■ **DATA LISTING**:
=-=-=-=-=

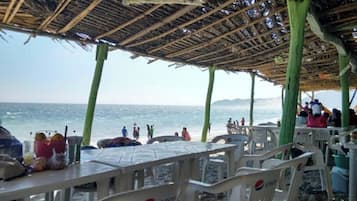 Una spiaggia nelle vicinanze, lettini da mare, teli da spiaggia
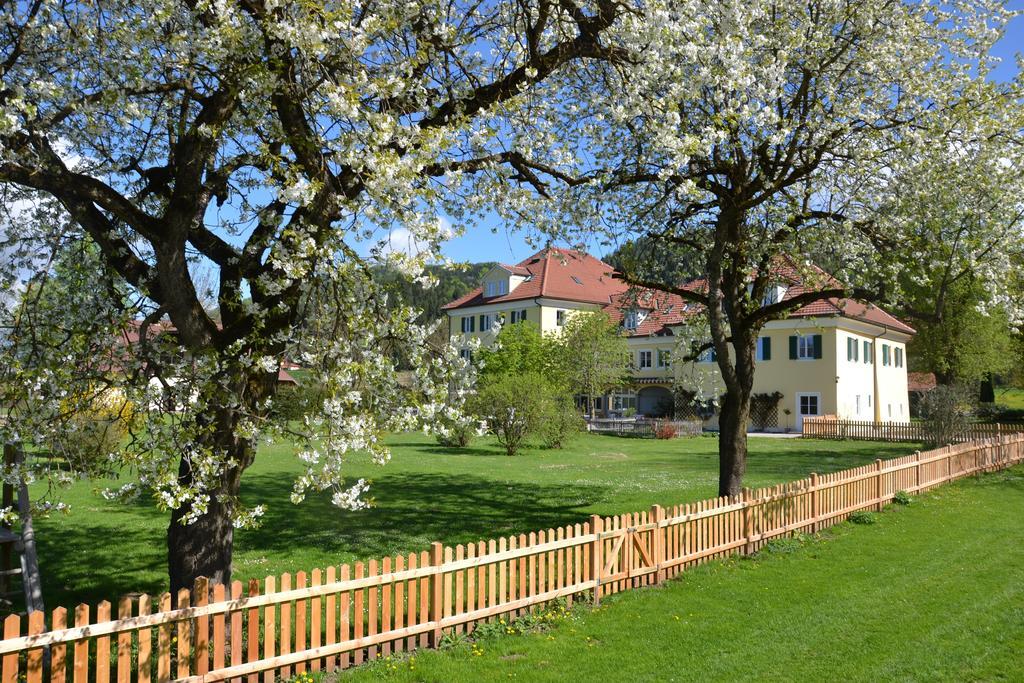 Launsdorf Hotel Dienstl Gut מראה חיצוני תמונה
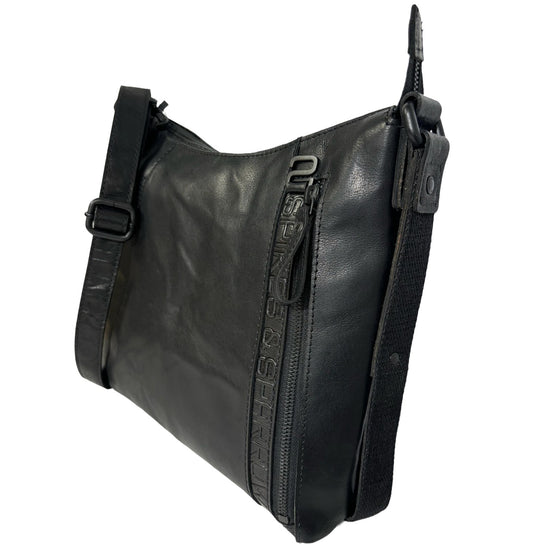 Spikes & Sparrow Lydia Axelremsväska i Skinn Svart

=-=-=-=-=

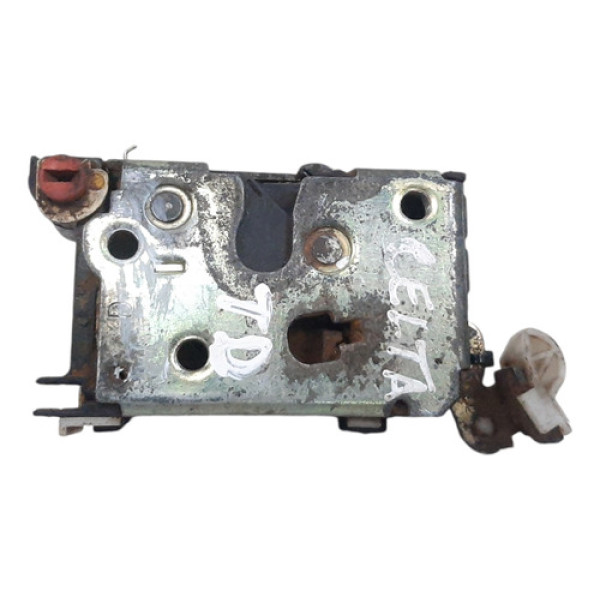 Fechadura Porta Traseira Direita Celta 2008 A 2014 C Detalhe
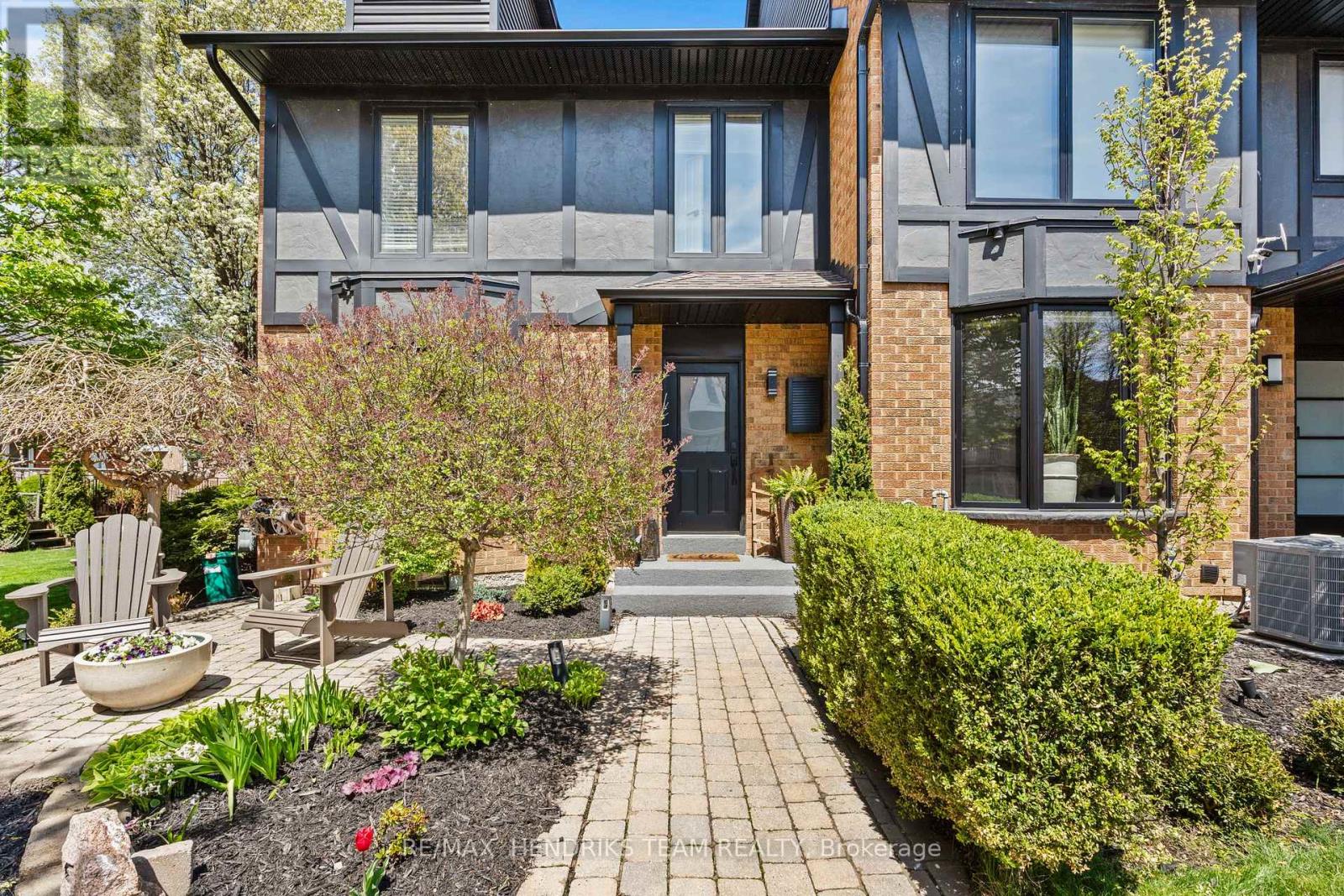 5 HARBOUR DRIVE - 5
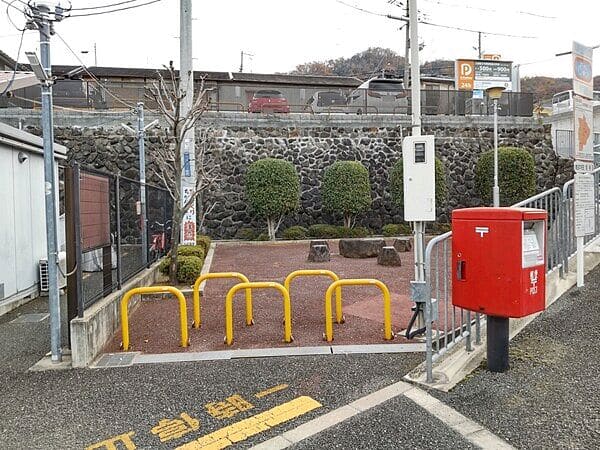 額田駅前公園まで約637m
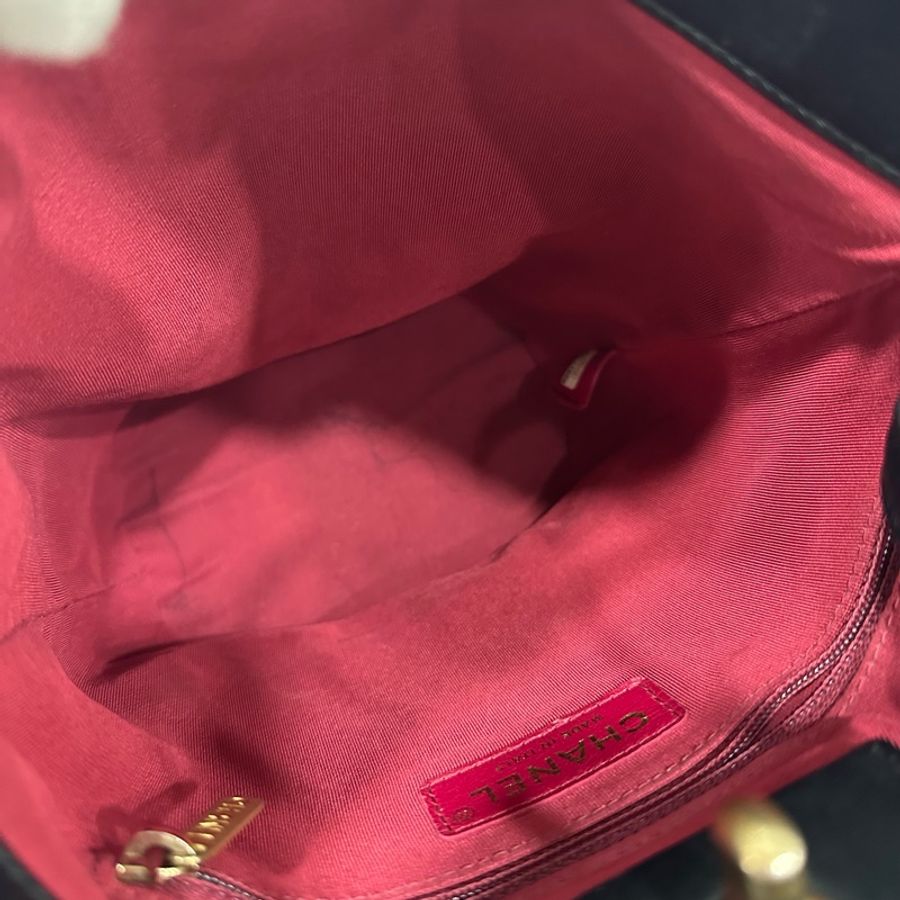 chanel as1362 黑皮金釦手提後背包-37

=-=-=-=-=

■ **ACTIVITY**: Please output, exactly as written, the lines above from the one holding "Una spiaggia nelle" through the one holding "Spikes & Sparrow", both included, with the pictures omitted.

■ **YOUR RESPONSE**:
 Una spiaggia nelle vicinanze, lettini da mare, teli da spiaggia
 Launsdorf Hotel Dienstl Gut מראה חיצוני תמונה
 Spikes & Sparrow Lydia Axelremsväska i Skinn Svart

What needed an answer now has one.